A quick Google search for ‘mis-sold mortgage’ returns a number of adverts offering to find victims compensation, two of which were adverts for the same people which contacted me; ‘Claim Your Hidden Commissions’ and ‘Claim Your Mortgage’.
Both are trading styles of the same firm, ‘Pure Legal Ltd,’ based in Liverpool and regulated by the Solicitors Regulation Authority.
Fishing: A search on Google for ‘mis-sold mortgage’ returns multiple adverts inviting compensation claims
What is it offering?
Claim Your Mortgage offers to help those potentially mis-sold interest-only mortgages after 31 October 2004 gain compensation.
Interest-only mortgages are loans where home owners only pay off the interest every month, but not the actual capital they’ve borrowed, which must be repaid at the end of the mortgage term.
Claim Your Mortgage state: ‘The rules governing the sale of mortgages state that the lenders and brokers must ensure that the mortgage is affordable not only at the time of sale but throughout the whole term of the mortgage, even if that means into retirement.

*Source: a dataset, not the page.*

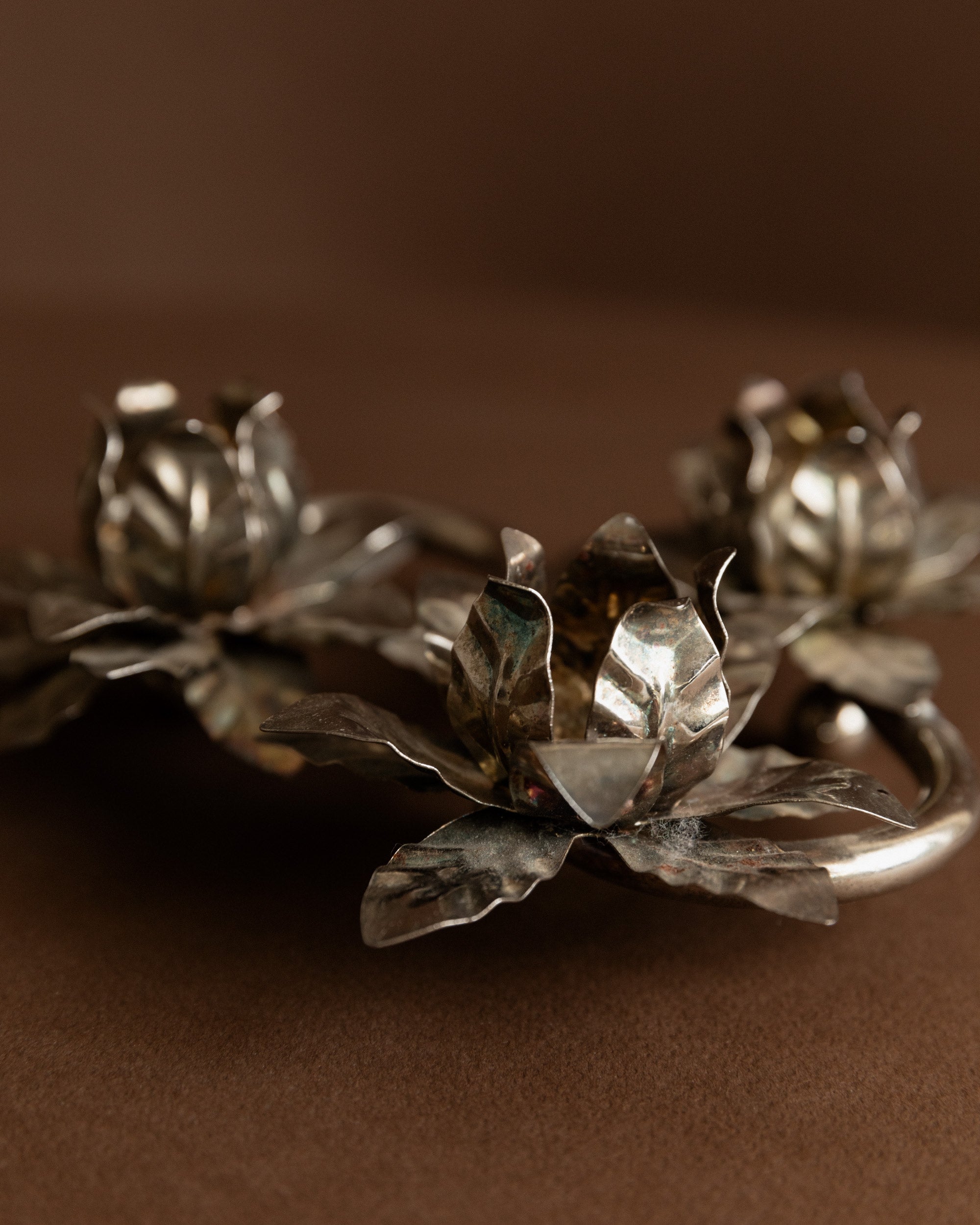 Silver Plated Vintage Candleholders — back view highlighting floral design and texture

‘If it can be established that the mortgage was mis-sold then you may have a claim for losses from the start of the mortgage to date, and through to the full term of the mortgage.’
The law firm behind the emails, Pure Legal Ltd, said those who had taken out interest-only mortgages since November 2004 could potentially have been mis-sold
Complaints about interest-only mortgages often come from people who said they were advised to take one out but couldn’t afford to repay the capital at the end according to the Financial Ombudsman Service.
These were often from mortgage brokers on commission, or felt interest-only was the wrong mortgage choice for them.
Pure Legal say that in return for the name of your mortgage provider, the date you took out the mortgage and a few other ‘simple questions’, one of its ‘team of legal experts’ will assess your claim and determine whether you have a case.
The company said it could make claims with just the name of your lender and when you took the loan out
Like most CMCs and no-win, no-fee lawyers, Pure Legal take a slice of your payout if you get one, in this case 35 per cent plus VAT.
In the email they sent me and on their website they use the example of ‘David and Andrea’, eligible for £65,994 in compensation.
Of that sum, Pure Legal would take £23,097.90 under their 35 per cent commission.
It is worth noting that, much like with PPI claims, complaints about mis-sold mortgages can be made either to the lender, mortgage broker, the Financial Ombudsman Service or the Financial Services Compensation Scheme – if the lender or broker has gone bust – by complainants themselves, without the need for these companies.
I asked Pure Legal why I had received these emails.
Its director of compliance told me: ‘PLL partner with Click Labs Group, a UK based marketing agency, who help us contact potential new customers.
‘They and their partners have on our behalf sent you marketing material as you have opted-in or consented to receive these messages.
‘This is the lawful reason for why you have been contacted. You can unsubscribe from any of these messages instantly by clicking the relevant link if you have received an email.’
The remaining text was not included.